__WHAT TO DO__:
Repeat the stretch of entries below from the line with "Canapé Cloud 3" through the line with "Zero Meows angesichts". Include both ends and add nothing.
*** Opening EXTRACTED ENTRIES ***
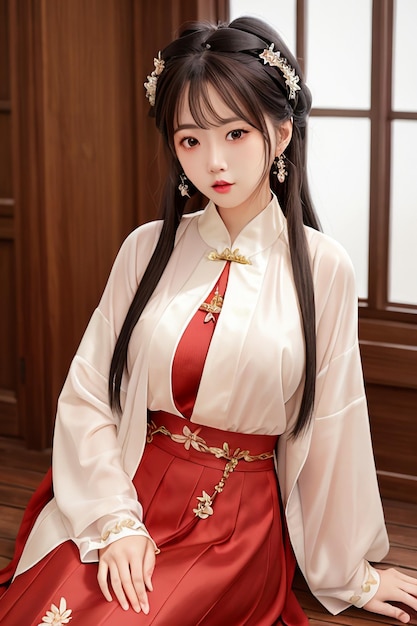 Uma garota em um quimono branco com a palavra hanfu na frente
*** Closing EXTRACTED ENTRIES ***
*** Opening EXTRACTED ENTRIES ***
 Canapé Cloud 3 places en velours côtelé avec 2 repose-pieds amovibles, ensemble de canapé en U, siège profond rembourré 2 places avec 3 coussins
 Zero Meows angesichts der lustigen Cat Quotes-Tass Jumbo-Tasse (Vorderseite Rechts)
*** Closing EXTRACTED ENTRIES ***
*** Opening EXTRACTED ENTRIES ***
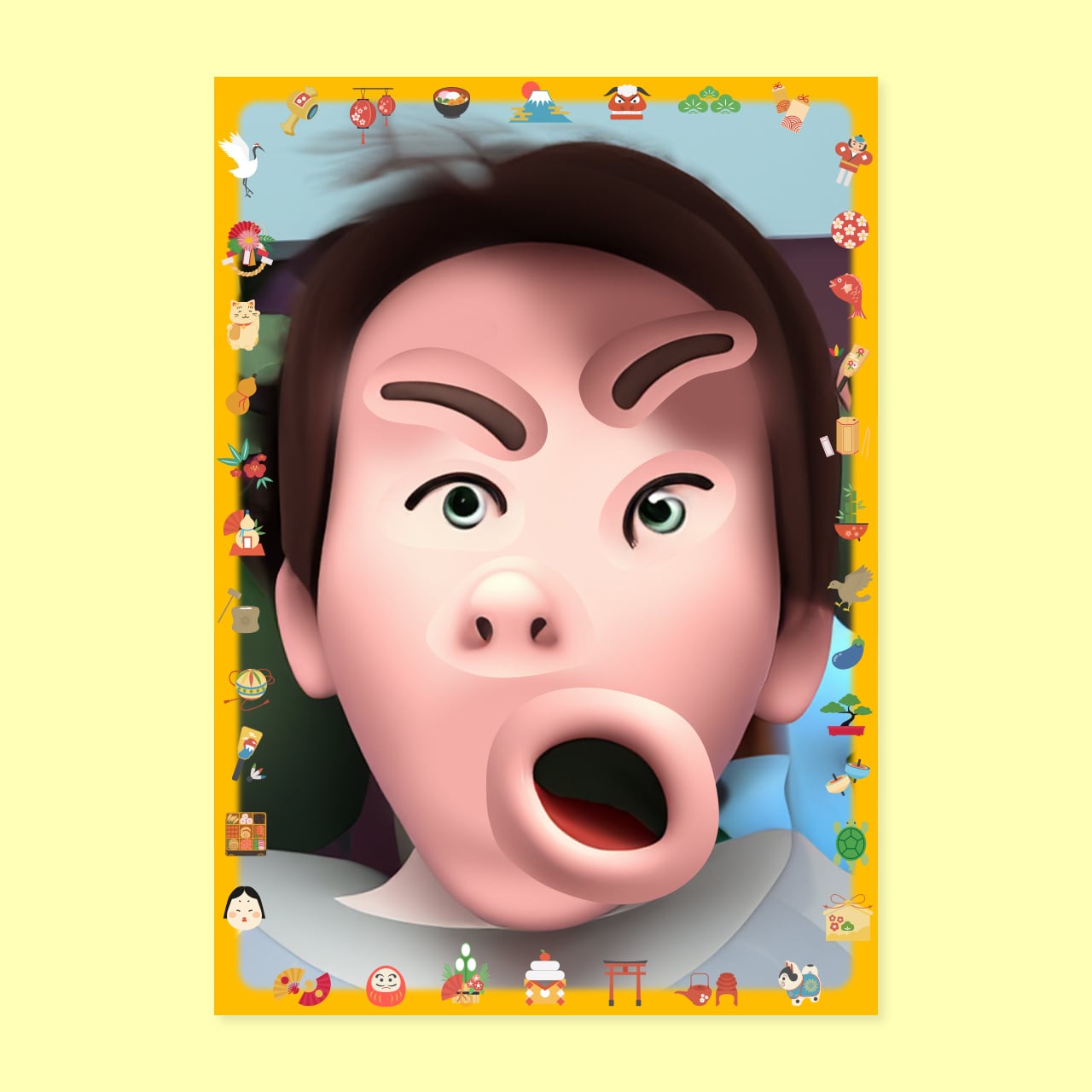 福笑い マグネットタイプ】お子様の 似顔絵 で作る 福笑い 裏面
*** Closing EXTRACTED ENTRIES ***
__ANSWER BOX__:
 Canapé Cloud 3 places en velours côtelé avec 2 repose-pieds amovibles, ensemble de canapé en U, siège profond rembourré 2 places avec 3 coussins
 Zero Meows angesichts der lustigen Cat Quotes-Tass Jumbo-Tasse (Vorderseite Rechts)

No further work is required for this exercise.